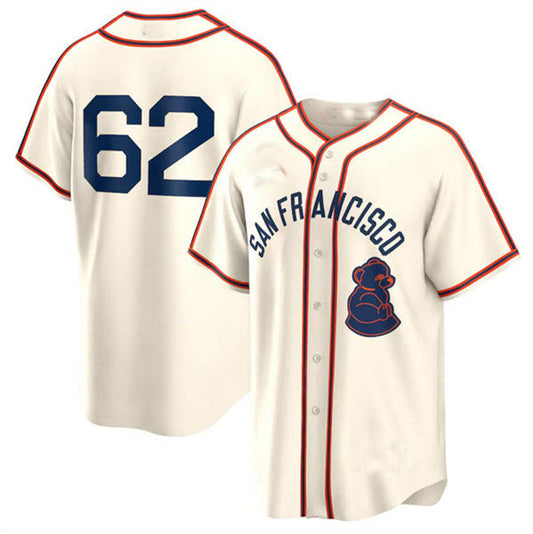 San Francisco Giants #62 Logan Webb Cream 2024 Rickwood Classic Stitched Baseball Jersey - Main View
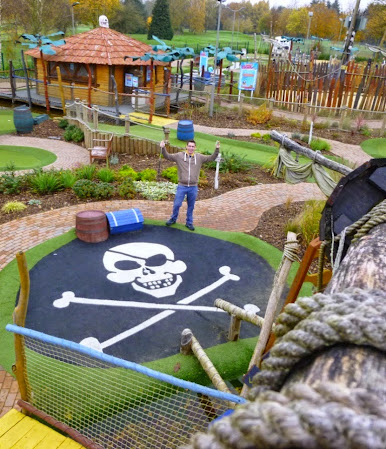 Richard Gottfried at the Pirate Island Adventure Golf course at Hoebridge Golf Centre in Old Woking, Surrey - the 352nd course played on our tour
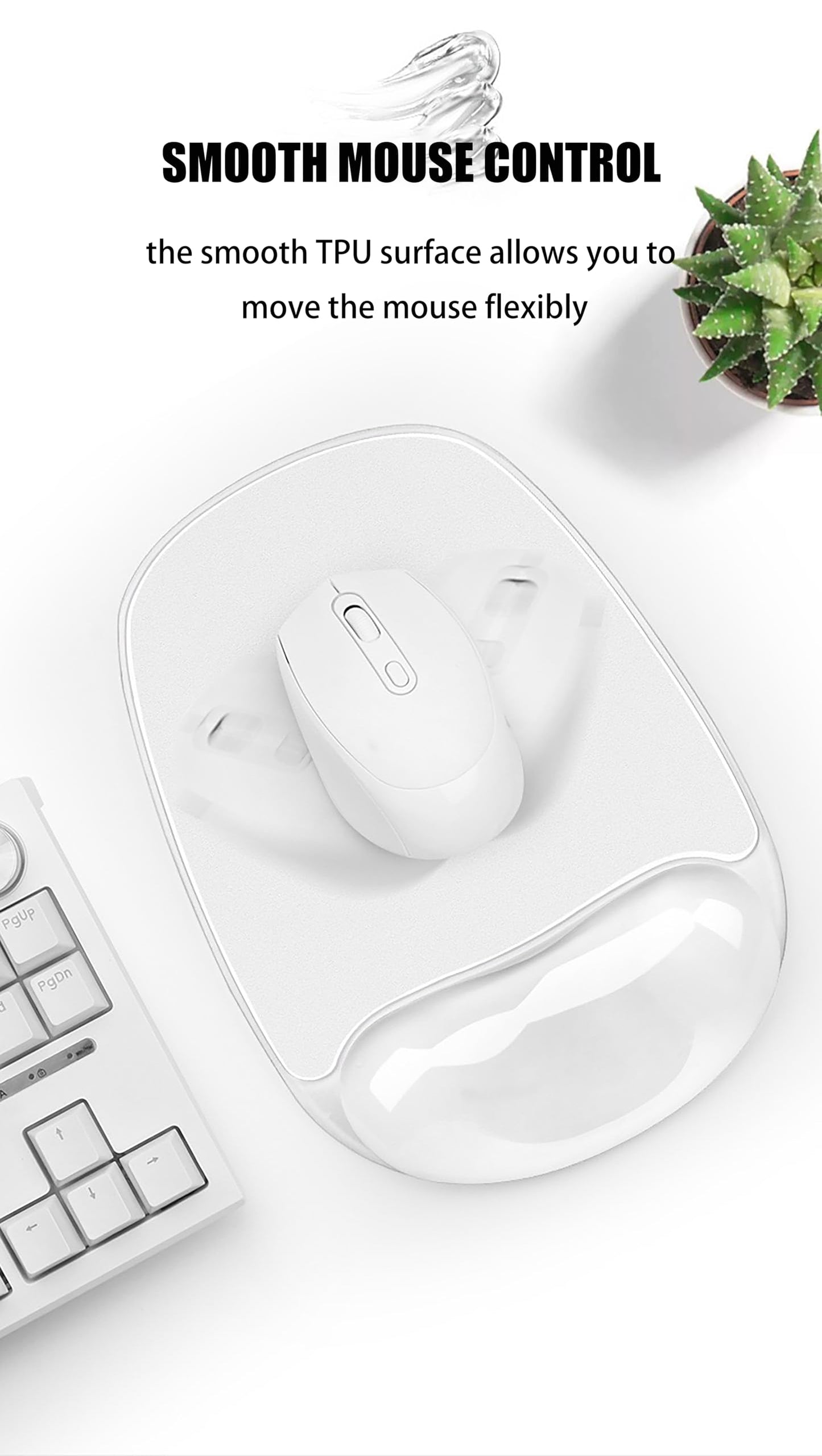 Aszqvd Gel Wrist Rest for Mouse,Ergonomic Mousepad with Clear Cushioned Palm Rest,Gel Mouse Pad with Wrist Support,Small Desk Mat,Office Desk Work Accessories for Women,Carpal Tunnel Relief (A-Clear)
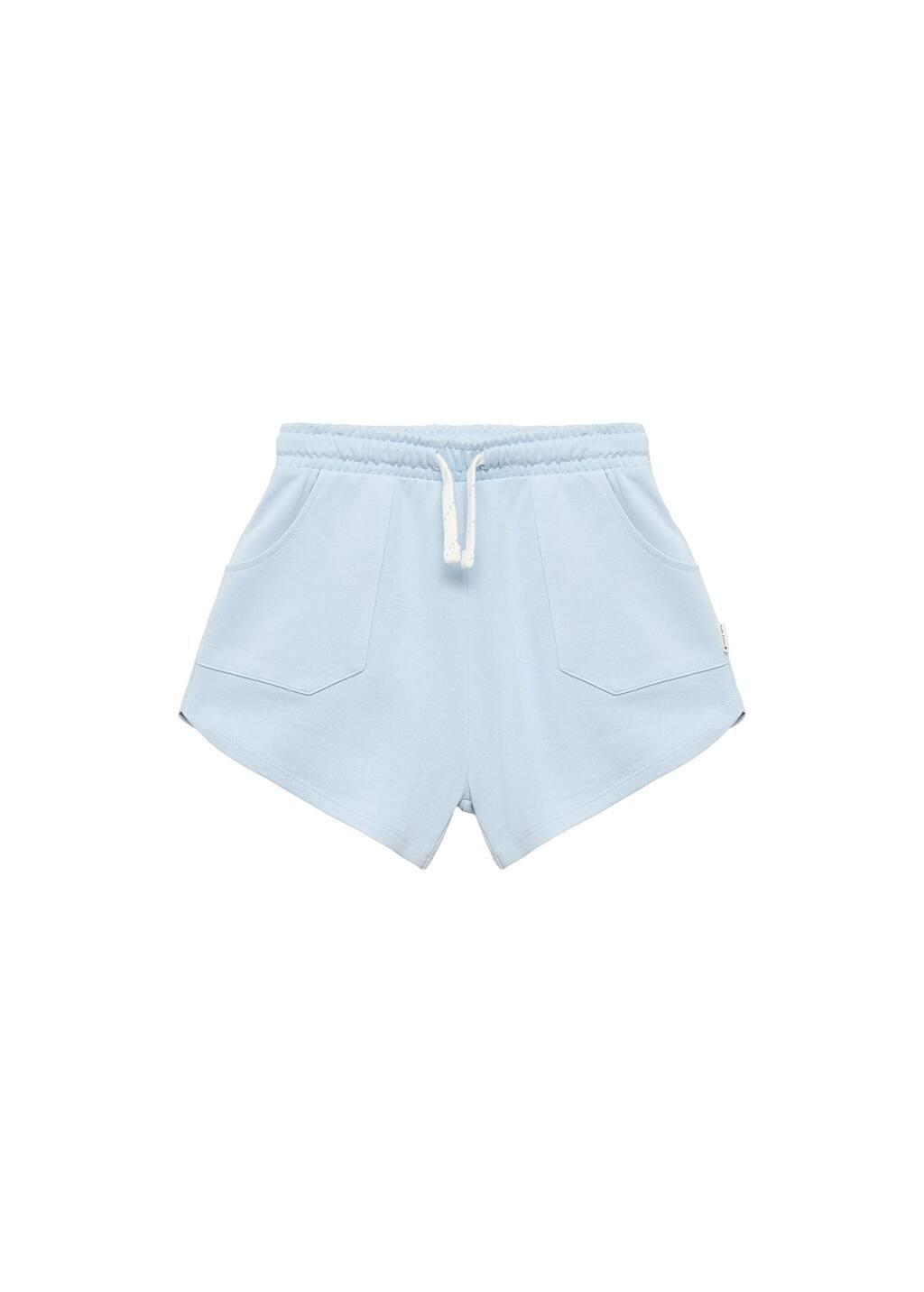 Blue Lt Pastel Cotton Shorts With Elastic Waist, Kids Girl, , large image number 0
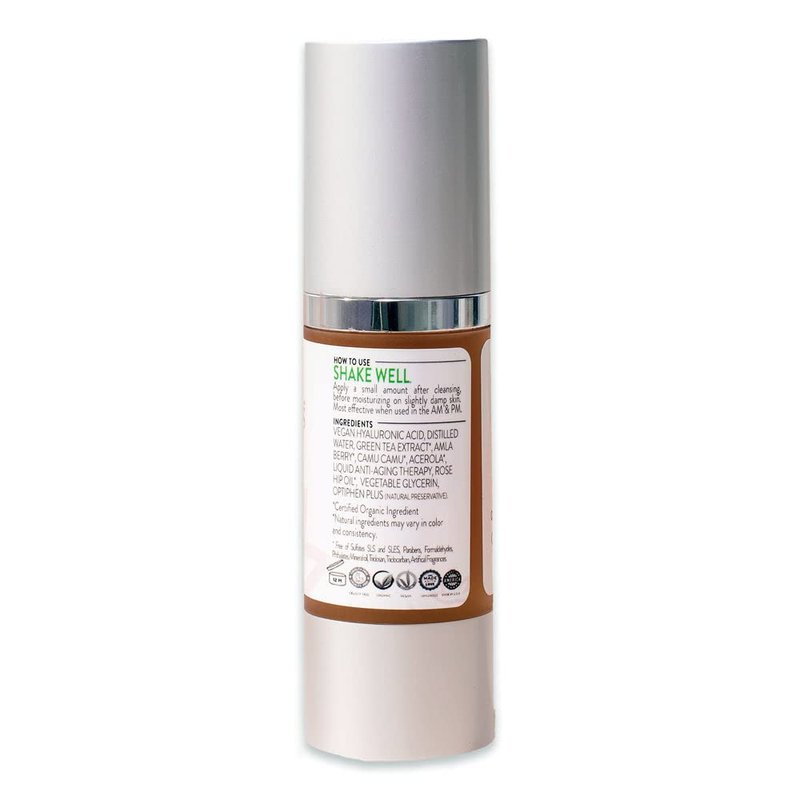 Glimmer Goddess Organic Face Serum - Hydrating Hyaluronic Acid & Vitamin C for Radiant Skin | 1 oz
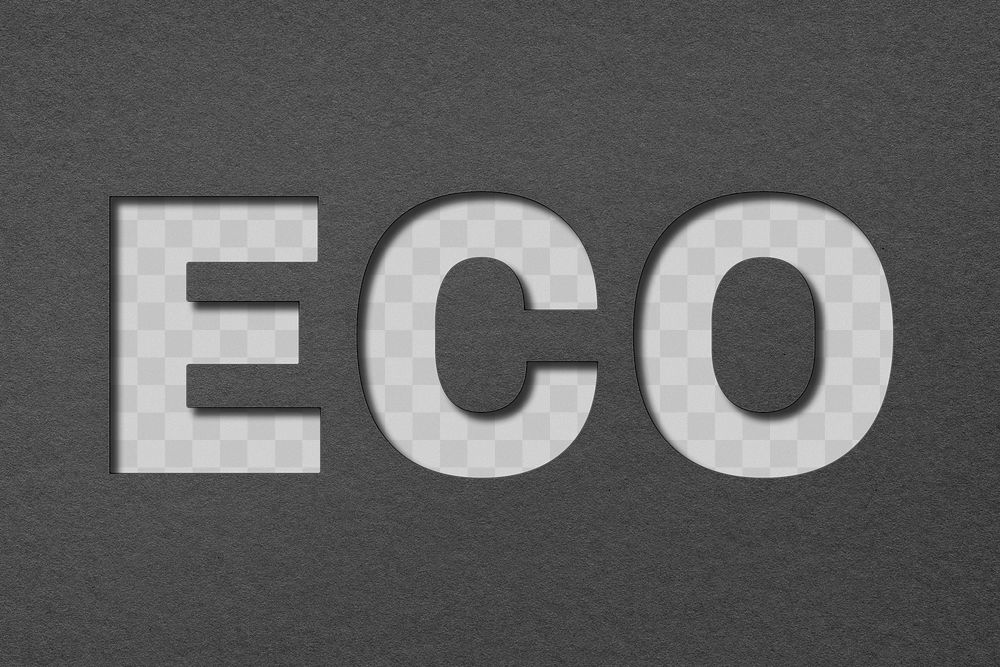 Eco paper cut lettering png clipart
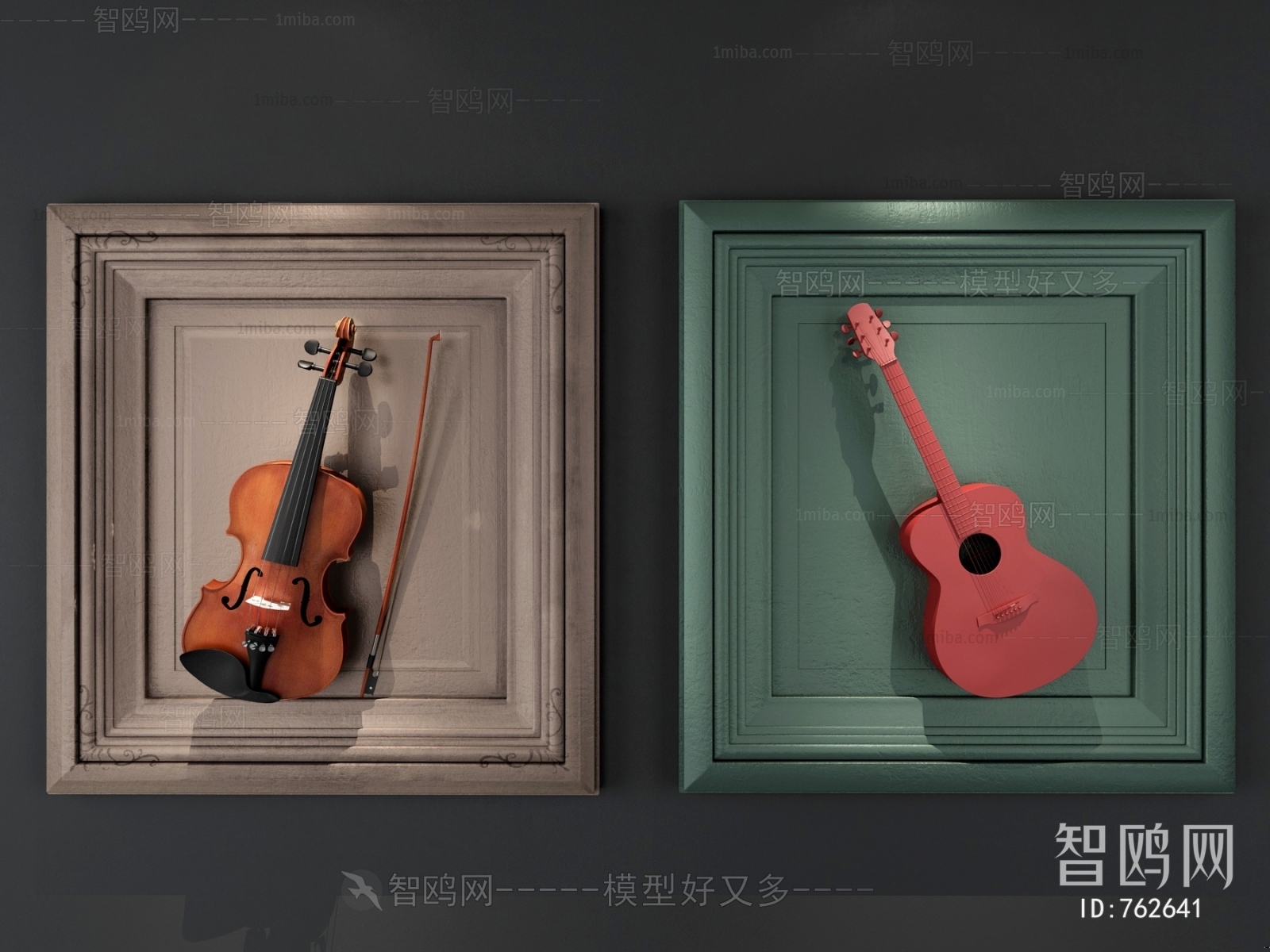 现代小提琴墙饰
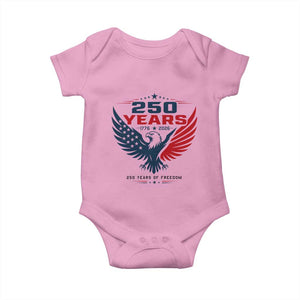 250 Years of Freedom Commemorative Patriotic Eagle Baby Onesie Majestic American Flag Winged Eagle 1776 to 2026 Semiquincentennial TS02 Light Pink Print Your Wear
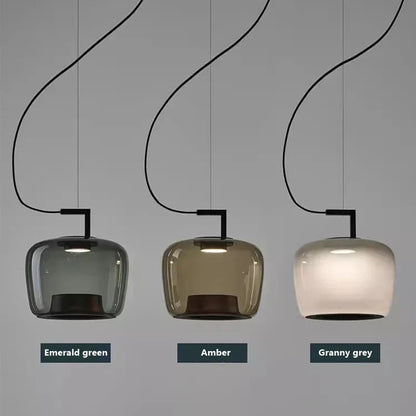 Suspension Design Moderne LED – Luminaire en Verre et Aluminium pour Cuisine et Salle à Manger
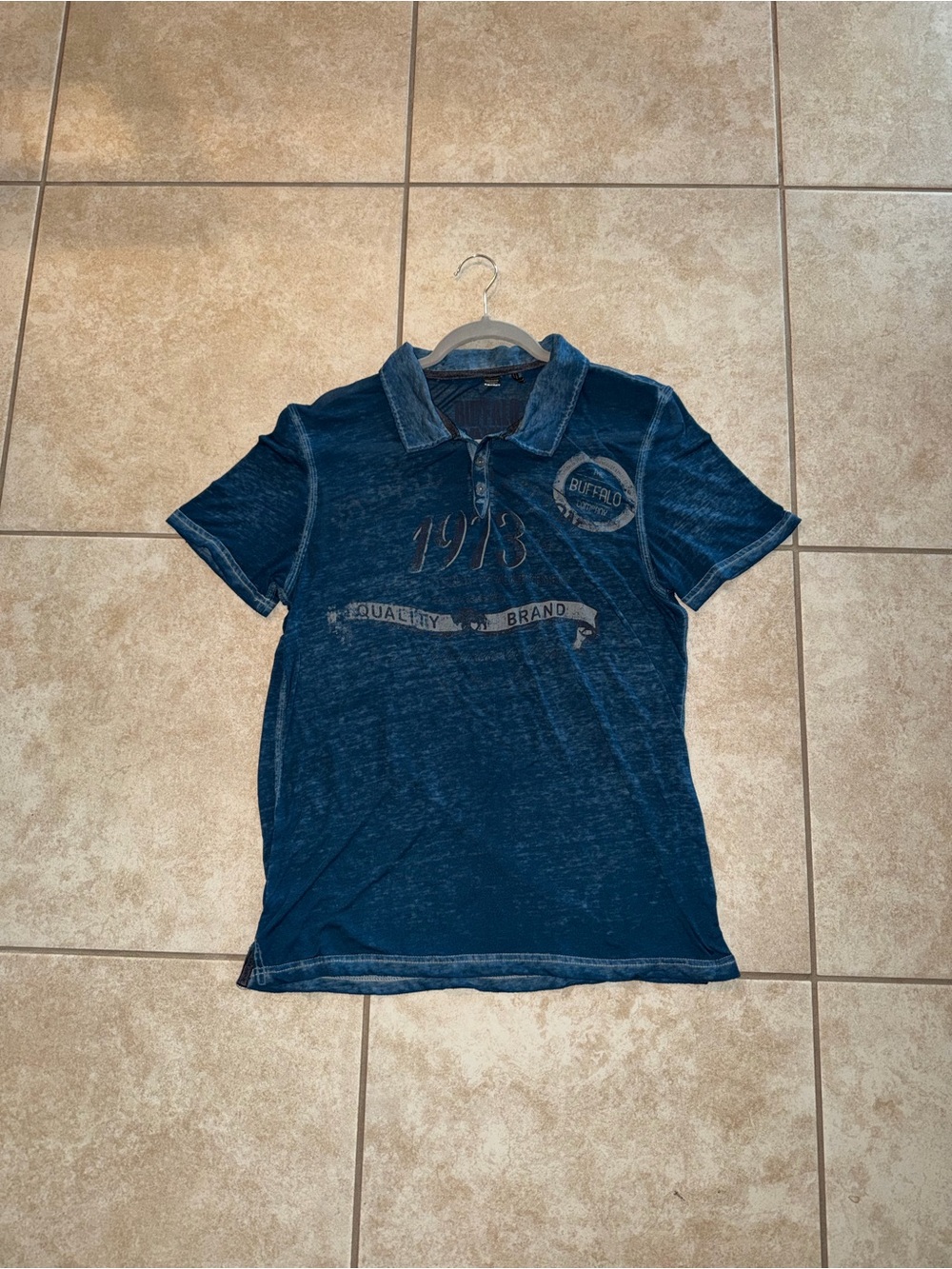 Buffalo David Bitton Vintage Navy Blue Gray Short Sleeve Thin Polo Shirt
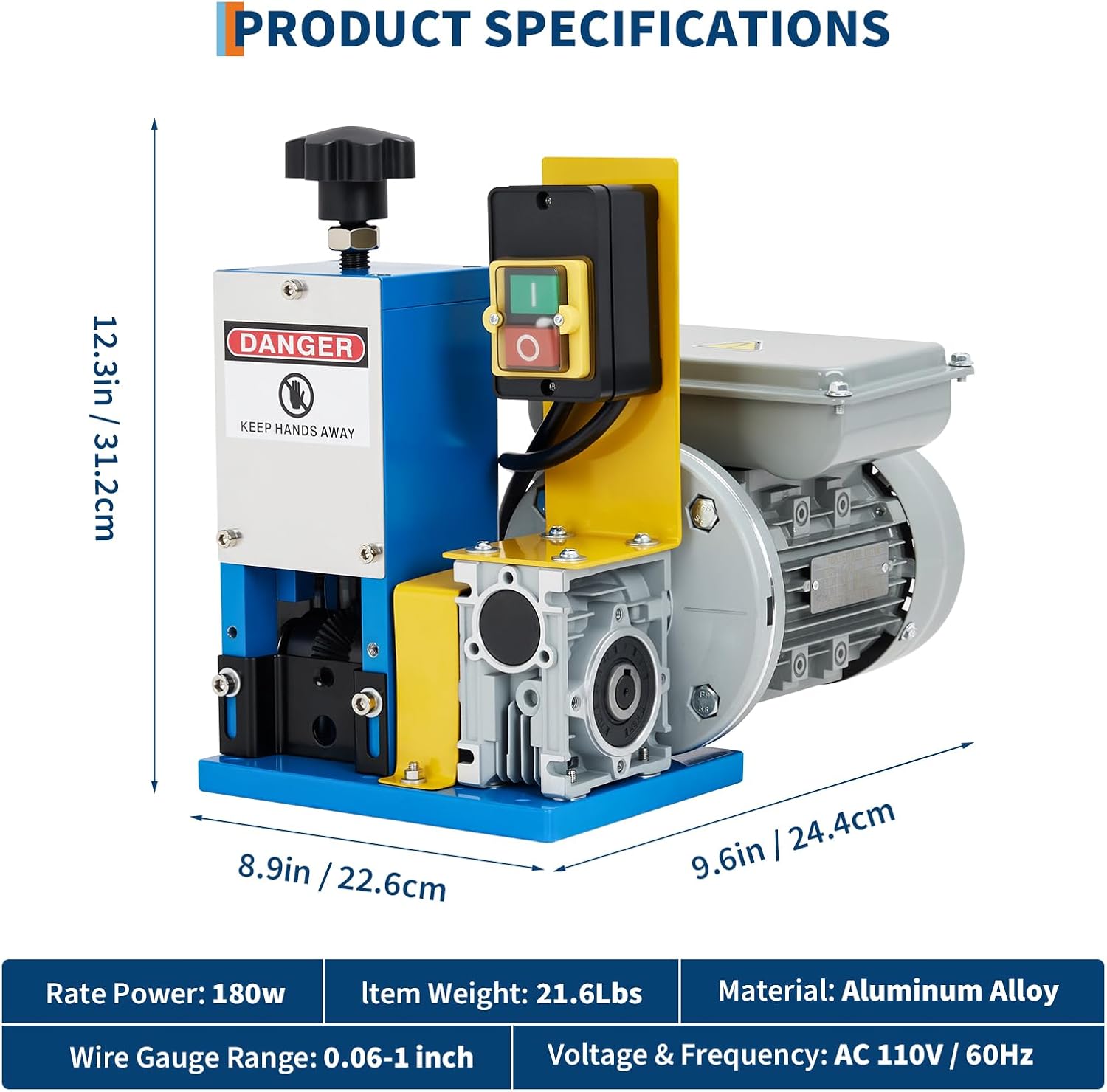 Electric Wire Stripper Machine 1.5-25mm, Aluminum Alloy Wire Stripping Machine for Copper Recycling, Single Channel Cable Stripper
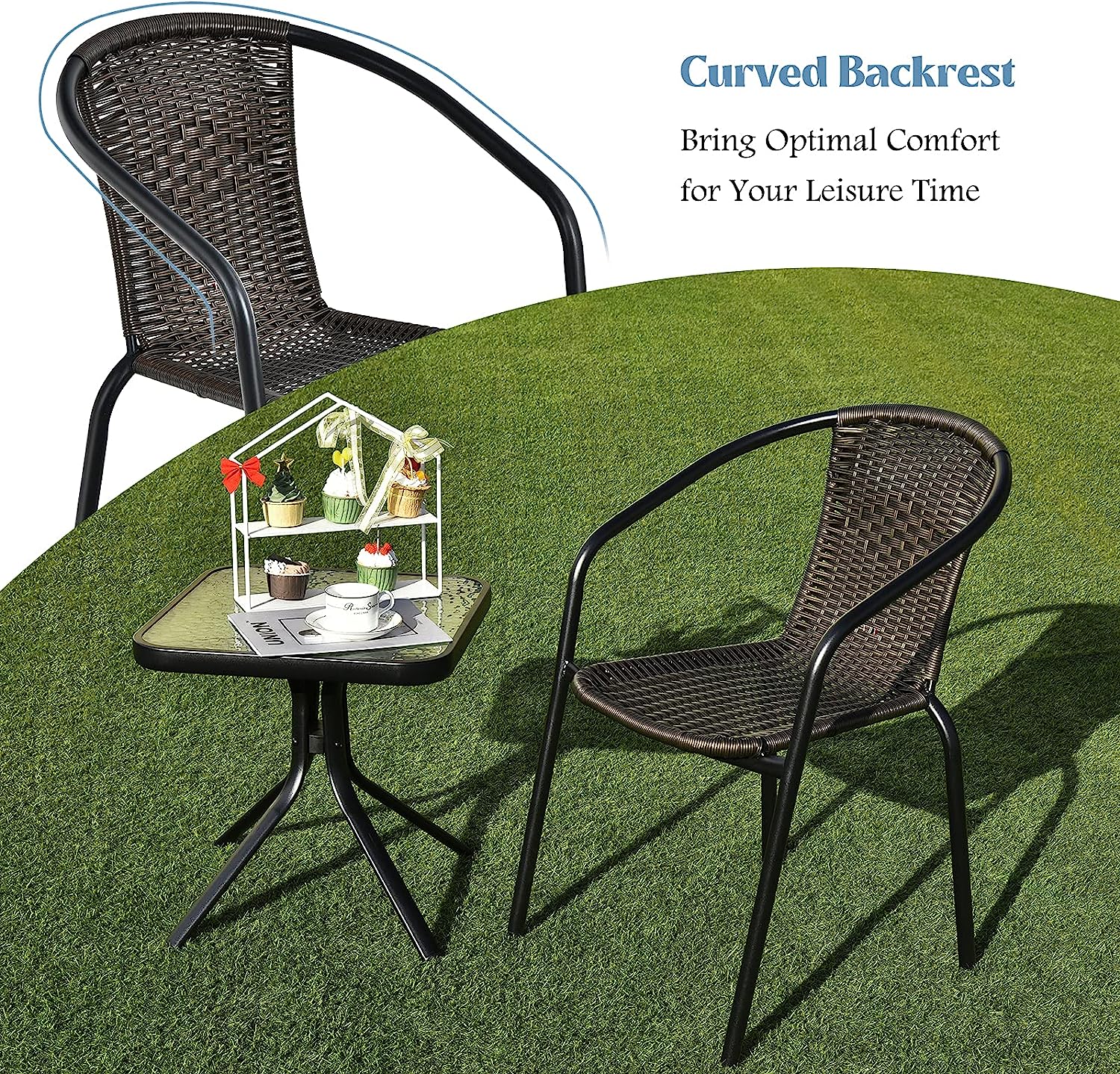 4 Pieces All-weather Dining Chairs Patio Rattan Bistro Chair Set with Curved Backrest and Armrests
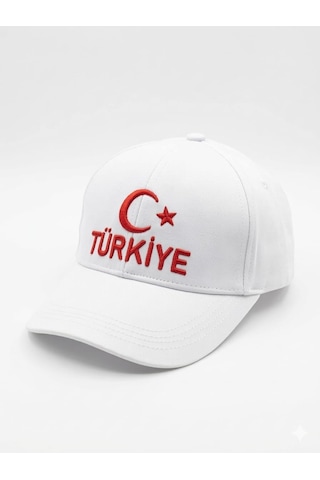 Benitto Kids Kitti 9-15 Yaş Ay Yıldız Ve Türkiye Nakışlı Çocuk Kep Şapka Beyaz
= = =
▶ REQUIREMENT
Output the entries above verbatim, with no picture included.

▶ ANSWER SECTION
 San Francisco Giants #62 Logan Webb Cream 2024 Rickwood Classic Stitched Baseball Jersey - Main View
 Richard Gottfried at the Pirate Island Adventure Golf course at Hoebridge Golf Centre in Old Woking, Surrey - the 352nd course played on our tour
 Aszqvd Gel Wrist Rest for Mouse,Ergonomic Mousepad with Clear Cushioned Palm Rest,Gel Mouse Pad with Wrist Support,Small Desk Mat,Office Desk Work Accessories for Women,Carpal Tunnel Relief (A-Clear)
 Blue Lt Pastel Cotton Shorts With Elastic Waist, Kids Girl, , large image number 0
 Glimmer Goddess Organic Face Serum - Hydrating Hyaluronic Acid & Vitamin C for Radiant Skin | 1 oz
 Eco paper cut lettering png clipart
 现代小提琴墙饰
 250 Years of Freedom Commemorative Patriotic Eagle Baby Onesie Majestic American Flag Winged Eagle 1776 to 2026 Semiquincentennial TS02 Light Pink Print Your Wear
 Suspension Design Moderne LED – Luminaire en Verre et Aluminium pour Cuisine et Salle à Manger
 Buffalo David Bitton Vintage Navy Blue Gray Short Sleeve Thin Polo Shirt
 Electric Wire Stripper Machine 1.5-25mm, Aluminum Alloy Wire Stripping Machine for Copper Recycling, Single Channel Cable Stripper
 4 Pieces All-weather Dining Chairs Patio Rattan Bistro Chair Set with Curved Backrest and Armrests
 Benitto Kids Kitti 9-15 Yaş Ay Yıldız Ve Türkiye Nakışlı Çocuk Kep Şapka Beyaz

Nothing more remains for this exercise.